Jul. 30 2012 12:02 PM
Steve from NYC

The distribution of medical students entering specialties is primarily based on how much each pays. Until we decided that talking to and exmining patients is just as important as doing tests, surgeries, and other procedures, nothing will change.

Jul. 30 2012 12:02 PM
El from Upper East Side

I also chose Emergency Medicine. Along with the aforementioned reasons your caller gave, plus we get a lot per hour compared to most specialties, and the work week is 36 hrs per week for a full time job. Just being real.

Also, the debt is staggering. Going into a lower paid specialty is a privilege often reserved for people who were rich before medical school or somehow had their schooling paid for them.

Jul. 30 2012 11:58 AM
Robert from NYC

Let's hear it for Gastroenterologists who just got rid of my anal cancer cured along with an Oncologist and Radiologist.

Jul. 30 2012 11:57 AM
Becca from Bellmore

I'm currently an undergraduate student and I plan to take a few years off to save money for medical school, but I plan to specialize in neuroscience which I am attracted to because of the constantly developing technology and research. I've been doing an unpaid internship with a Pediatric Multiple Sclerosis Center and I am passionate about helping to better understand MS and other neurodegenerative disorders, which are fascinating on a scientific level and riveting on a personal level.

Jul. 30 2012 11:57 AM
John from NYC

Is there a correlation between the degree of government/insurance company oversight, regulation, etc. and the degree of satisfaction of the doctor?

Jul. 30 2012 11:52 AM
Bobby G from East Village

Dentists are like jewelers. I love my dentist.

Jul. 30 2012 11:52 AM
Jim

When I was an undergrad, students had access to a career advice software package. As a joke, I filled in the answers along the lines of "I want to work short hours", "I want to make a lot of money", "I want to be respected in my community", "I want to take frequent vacations", etc. The top two recommendations?
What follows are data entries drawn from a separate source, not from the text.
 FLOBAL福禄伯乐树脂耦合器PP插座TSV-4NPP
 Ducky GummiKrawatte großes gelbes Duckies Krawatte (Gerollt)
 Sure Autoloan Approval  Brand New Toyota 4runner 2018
Podiatry and Dermatology.

Jul. 30 2012 11:51 AM
gary from queens

Fewer doctors will yield an average increase in longevity in the US. Mortalities will decline. The reason is that iatrogenesis is the leading killer of people. Not disease.
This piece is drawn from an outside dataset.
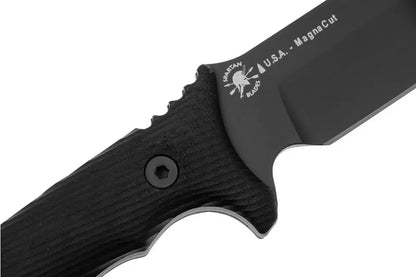 Spartan Blades Harsey Difensa SB19BKBKKYBK Black, Black Micarta, survival knife, kydex sheath (Copy)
Comparative Causes of Death
Annual Average in the US

* Adverse Drug Reactions ..100,000 to 140,000
* Automobile Accidents ..39,325
* Food Contamination ...9,100
* Boating Accidents ...2,064
* Household Cleaners .74
* Acute Pesticide Poisoning 12

Data on doctors' strikes in recent history in different countries support this contention. For example, the BMJ 2000;320:1561 ( 10 June ) stated that "doctors’ strike in Israel may be good for health." The 127-day strike put a severe economic strain on the funeral business in that country.

QUOTE
The dramatic decline in the death rate is prompting the burial association to ask the Government to approve an increase in doctors' pay. According to the newspaper the Jerusalem Sun, industrial action by doctors in Israel seems to be good for their patients' health. Death rates have dropped considerably in most of the country since physicians in public hospitals implemented a program of sanctions three months ago, according to a survey of burial societies.

"The number of funerals we have performed has fallen drastically," said Hananya Shahor, the veteran director of Jerusalem's Kehilat Yerushalayim burial society. "This month, there were only 93 funerals compared with 153 in May 1999, 133 in the same month in 1998, and 139 in May 1997," he said. The society handles 55% of all deaths in the Jerusalem metropolitan area. Last April, there were only 130 deaths compared with 150 or more in previous Aprils.

Meir Adler, manager of the Shamgar Funeral Parlour, which buries most other residents of Jerusalem, declared with much more certainty: "There definitely is a connection between the doctors' sanctions and fewer deaths. We saw the same thing in 1983 [when the Israel Medical Association applied sanctions for four and a half months]."
UNQUOTE

This all seems like a paradox. But it's a fact. On balance, allopathic medicine doesnt decrease mortalities overall. it shortens longevity.